Place the flours into a bowl. Add the eggs, milk & salt & beat until smooth. Set aside to rest for 10 minutes. Gently heat a little oil in a small frying pan. Add a small amount of batter, swirl over the base of the pan. Cook for 2-3 minutes until golden. Flip over and cook the other side for a further 1-2 minutes. Slide out of the pan onto a plate and keep warm. Repeat with the remaining batter to make 8 pancakes in total.

Serve your pancakes with anything you fancy, savory or sweet

Buckwheat pancakes (version 2)

Makes 4 - 6 pancakes

275g buckwheat groats

2 tablespoons sauerkraut juice or kefir

1 teaspoon salt

ghee or butter

Place the buckwheat in a bowl, cover well with water and soak overnight. The next morning pour off the soak water and rinse well.

Blend the buckwheat, sauerkraut juice or kefir and salt in a blender with enough water so that it reaches the consistency of pancake batter. Aim to make your mixture as smooth as possible. Pour into a jug which has room for expansion, cover and leave in a warm place for 12 – 18 hours.

Heat a fry pan and swirl a little ghee or coconut oil around the base then pour in enough batter to cover the pan and make a pancake that is not too thick. Cook all the way through before flipping over and cooking for a further minute and sliding out onto a plate.

Repeat until you have made all the pancakes you want. Store unused batter in the fridge where it will last for 3 days.

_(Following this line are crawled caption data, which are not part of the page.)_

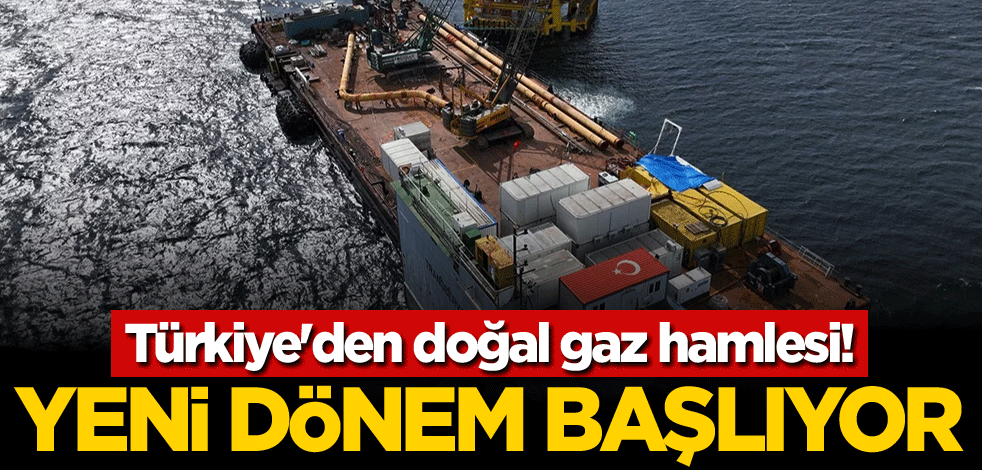 Türkiye'den doğal gaz hamlesi! Yeni dönem başlıyor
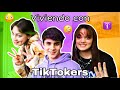 Me fui a vivir con tiktokers 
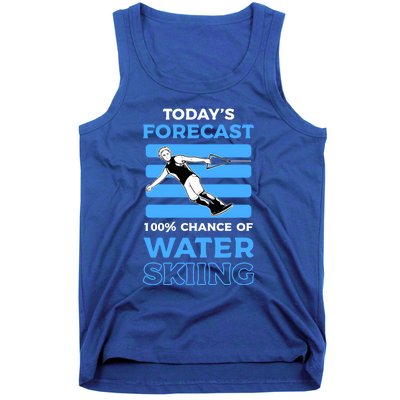 Todays Forecast 100% Chance Of Water Skiing Gift Tank Top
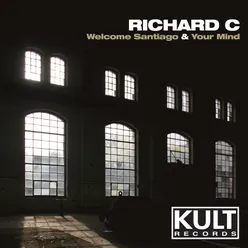 Kult Records Presents: Welcome Santiago / Your Mind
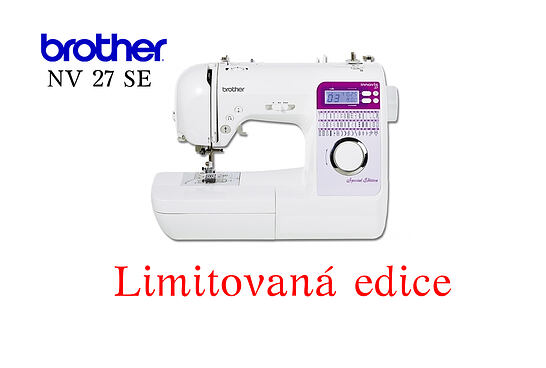 Limitovaná séria - šijací stroj Brother Innov-is NV 27 SE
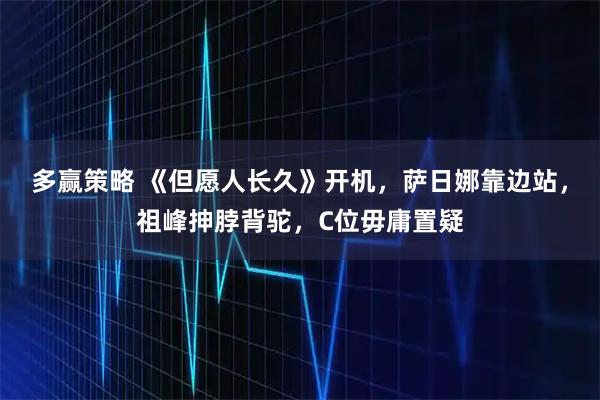 多赢策略 《但愿人长久》开机，萨日娜靠边站，祖峰抻脖背驼，C位毋庸置疑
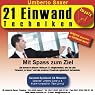 H&ouml;rbuch 21 Einwand-Techniken. Mit Spass zum Ziel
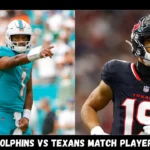 miami dolphins vs texans match player stats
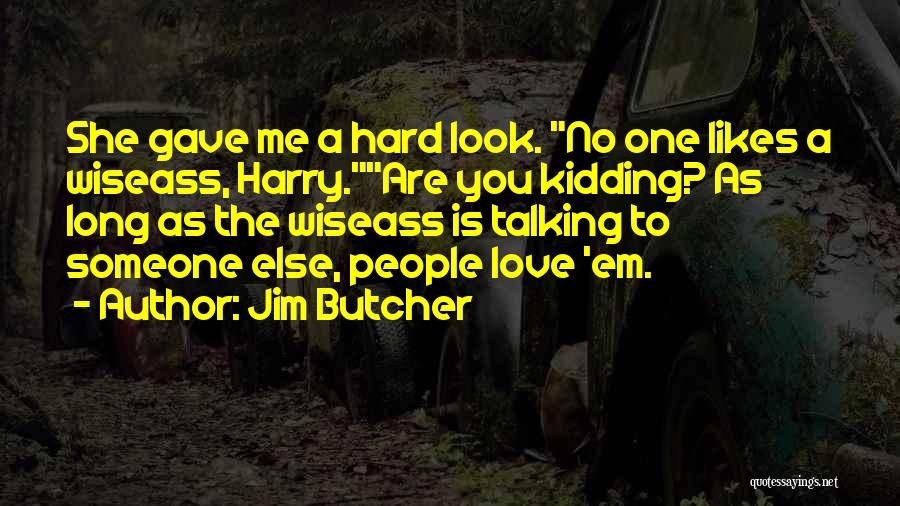 She Likes Someone Else Quotes By Jim Butcher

Serve your pancakes with anything you fancy, savory or sweet

Buckwheat & sour cherry cake

Serves 6-8

200g soft butter (plus a little extra)

200g rapadura sugar

1 tsp vanilla extract

5 eggs

100g ground almonds

250g buckwheat flour

2 tsp gluten free baking powder

100g sour cherries

180C/350F/gas mark 4.

Butter & line with baking parchment a 23cm-diameter cake tin

In the bowl of an electric mixer, Beat the butter & sugar together until very light and fluffy. (either in an electric mixer or by hand)

Add the vanilla, eggs and ground almonds and beat well.

Stir in the buckwheat flour, baking powder and sour cherries. Tip the mixture into the prepared cake tin and smooth the top.

Bake for 45 minutes in the preheated oven or until set in the middle.

Let the cake cool slightly before turning out.

Particularly good served warm with a pear or apple puree.